I saw someone else's success at getting Emerald Grand (EGG) so I added it to our ongoing request and got a confirmation last night!  But now I'm second guessing myself.  We were originally planning on Key West and have never been to Key West or Destin.  Can someone give me a pros/cons list for both of these so I can decide if I should throw it back today and hold out for Key West?


----------



## bogey21 (Mar 21, 2012)

If the beach is your thing, go to Destin which has fabulous beaches.  If you like history, bars, restaurants, etc., choose Key West.  

George


----------



## tombo (Mar 21, 2012)

Key west has more night life. If you like to drink and party all night, there are a lot of places in Key west to do just that. Key West is beautiful but the few beaches are small and often crowded. Key west is not a very big island and you can see it all in a day or less. If you rent a car and drive through all of the keys, that is a different deal, but to spend a whole week on key West is a lot of relaxing (or boredom depending on the person) after seeing the island. Not much to do other than sun, fish, snorkle, dive, eat, and drink. I personally love those things, but one that likes a lot to do might get bored in Key West after a day or 2. 

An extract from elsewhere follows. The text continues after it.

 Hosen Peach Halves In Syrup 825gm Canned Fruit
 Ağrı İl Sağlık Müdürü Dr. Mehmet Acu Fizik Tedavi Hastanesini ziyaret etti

Destin has beautiful beaches with soft powdery sugar white sand. The water is the turquoise that is mainly seen in the Caribbbean. The beach runs for miles and you can find a lot of secluded places where you have it almost to yourself. Lots of shops, outlet mall, restaurants, sea doo rentals, pontoon boat rentals, parasailing, water parks, tons of golf courses, some almost all night party spots (Baytowne Wharf), and a short drive to numerous other beaches (Panama City, Fort Walton, Seaside (where the Truman Story was filmed), Watercolour, Grayton Beach, Perdido key, Pensacola Beach, Gulf Shores, etc). Drive to Pensacola to see the Air and Space museum, Panama city to Shell island, Gulf Shores to the Flora-Bama. Mobile to the USS Alabama WW II battleship and also tour a submarine. Marine World has lots of animals, fish and dolphin shows. There is greyhound racing, and lots more within Destin or a short drive from there.

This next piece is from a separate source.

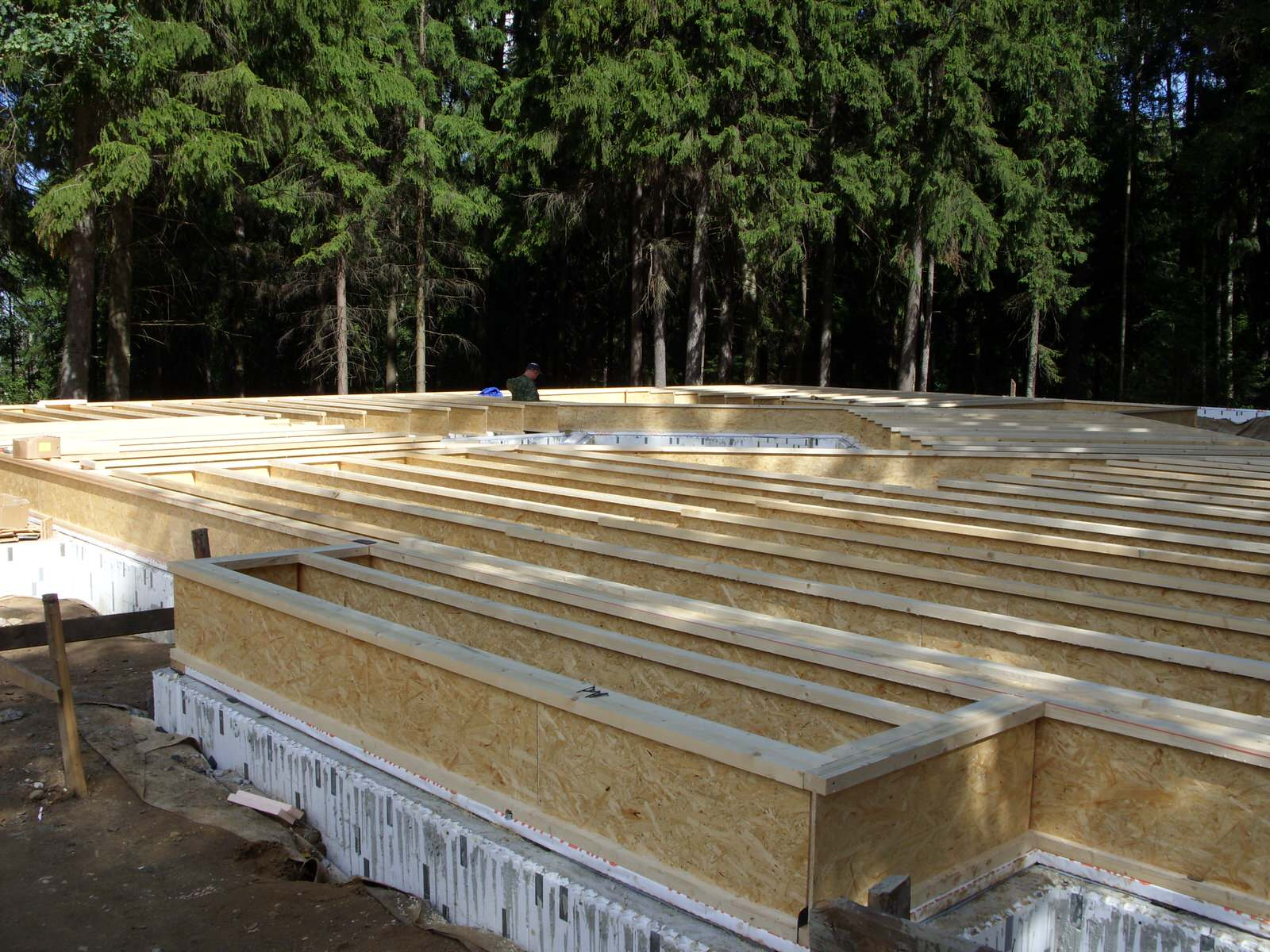 Каркас дома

I love both places, but go to Destin often because it is only a 6 1/2 hour drive from my house. Key West is a location I have only been to a few times because it is so far. In the winter Key West is much better than Destin because Destin can get chilly. In the spring, summer, or fall the weather at either should be similar.


----------



## ronparise (Mar 21, 2012)

Destin and Key west are about 800 miles apart..and they are very different kinds of places.....asking me to compare one to the other is like asking me to compare the outer Banks of NC with Provincetown Mass. or asking me which tastes best apples or oranges

They both taste great, but if you want an apple, you will dissapointed with the orange

if you want a great Beach go to Destin if you want to party all night go to Key West


----------



## daileyad (Mar 21, 2012)

Thanks for the description!  We are not big bar people so it doesn't sound like we would feel we were missing out on anything if we don't go to Key West.  Beaches sound good to me


----------



## jberndt10 (Mar 24, 2012)

Just returned from Panama City with DH and had a wonderful time. One thing to keep in mind is that being so far north it can be cooler depending on when you go. While there the reports kept saying unseasonably warm, hovering around 80, but think the average March temp is low 70's.


----------